_Your assignment_: Once you find the line with "Floriday Cowboy Fliese (Vorderseite)", output it and every line after it exactly, through the last line of the listing, but no pictures.

_Data segment_:
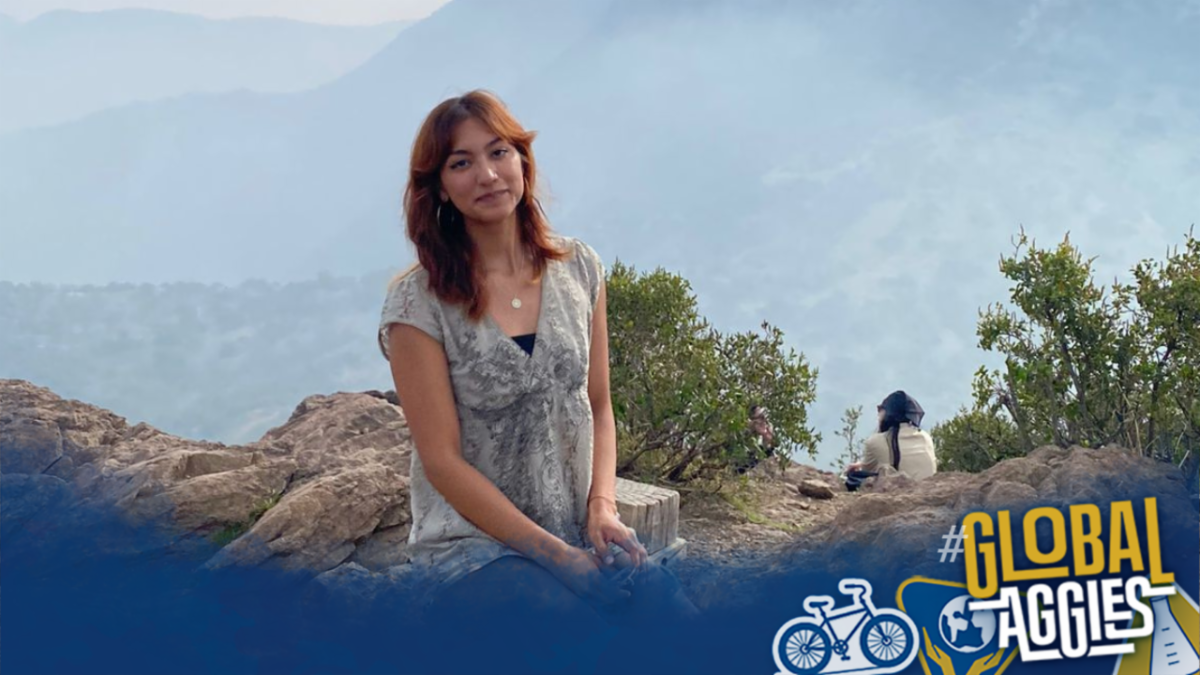 Smiling woman on rocky outcrop with misty blue mountains; Global Aggies logo
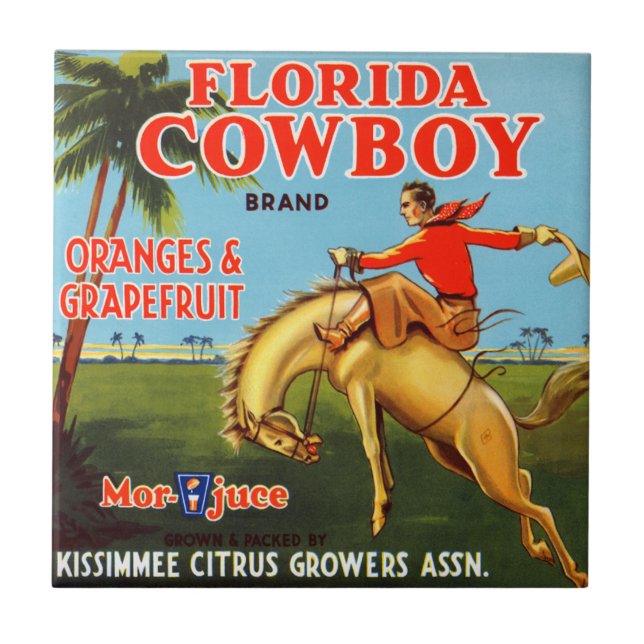 Floriday Cowboy Fliese (Vorderseite)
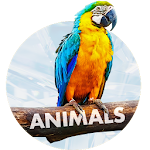 Wallpapers with Animals in 4K Apk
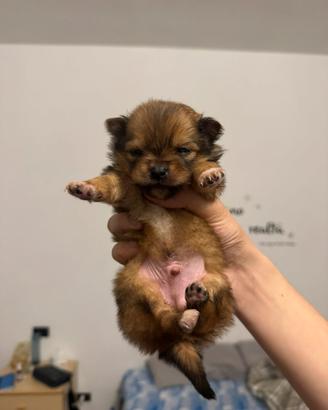 Cuccioli di Spitz - 2 mesi - maschi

_Exercise response_:
 Floriday Cowboy Fliese (Vorderseite)
 Wallpapers with Animals in 4K Apk
 Cuccioli di Spitz - 2 mesi - maschi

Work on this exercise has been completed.